Was schreibt also die “Presse”?

Lassen wir das Persönliche mal weg und widmen uns den Fakten. Ja, es gab diesen Artikel in der “Presse” – am 7. Juni 2016. “Vor ein paar Tagen” ist etwas Anderes. Bis auf die Aktualität stimmt aber, was Matznetter sagt. Die Zeitung schrieb:

 

“Nun hat Österreich laut Eurostat-Daten vom Dienstag einen starken Jahresbeginn hingelegt. Danach hat die österreichische Wirtschaft  im ersten Quartal des Jahres gegenüber den letzten drei Monaten 2015 das drittstärkste BIP-Wachstum in der EU verzeichnet.

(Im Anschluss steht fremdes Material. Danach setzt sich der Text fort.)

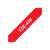 Brother TZE-435 12mm x 8m laminated tape cassette, white on red
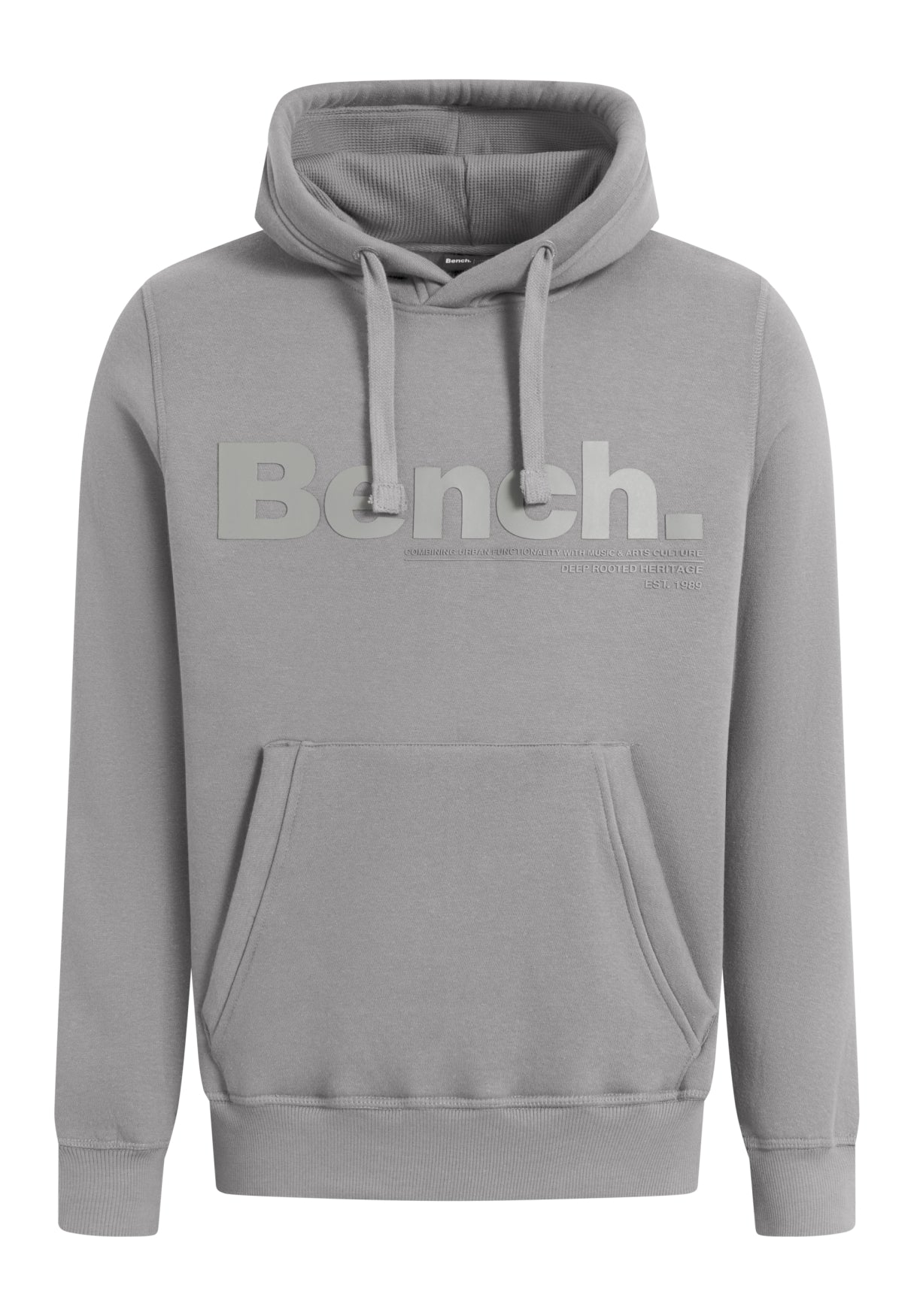 bench-trassi-hoodie-herren-schwarz-kapuzenpullover-baumwolle image 5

An der Spitze lag Rumänien mit einer Steigerung von 1,6 Prozent, gefolgt von Zypern mit 0,9 Prozent und Österreich mit 0,8 Prozent.”

 

Matznetters Aussage ist aber sehr stark verzerrt. Denn was er nicht dazusagt, ist, dass sich der Beitrag explizit auf das erste Quartal bezieht – und das noch dazu aus einem anderen Jahr.

Wie stehts also wirklich um das Wirtschaftswachstum?

Wenn man von “dem Wirtschaftswachstum” spricht, dann wird man aber eher nicht nur das letzte Quartal meinen. Und egal, welchen Zeitraum man sich sonst ansieht: Diese Aussage hält nicht. Zu diesem Urteil kommt man zumindest mit Zahlen der Wirtschaftskammer:

  • Wenn man sich die letzten nicht-vorläufigen Werte aus dem Jahr 2015 ansieht, liegt Österreichs Wirtschaftswachstum bei einem Prozent. Nur Griechenland (minus 0,2), Finnland (0,3) und Italien hatten einen niedrigeren Wert.
  • Nach den vorläufigen Zahlen von 2016 ist das Bild mit 1,5 Prozent zwar nicht mehr ganz so drastisch, aber es hatten immer noch 20 EU-Staaten bessere Wachstumszahlen.
  • Die Prognose für 2017 von 1,7 Prozent sieht Österreich auch bei weitem nicht in der Top 3 – aber wenn die Prognose eintritt, erreichen wir dieses Jahr immerhin wieder den EU-Schnitt.
  • Eine andere Prognose spricht mittlerweile etwas optimistischer von 2,4 Prozent Wachstum für 2017. Das wäre sogar über dem Schnitt.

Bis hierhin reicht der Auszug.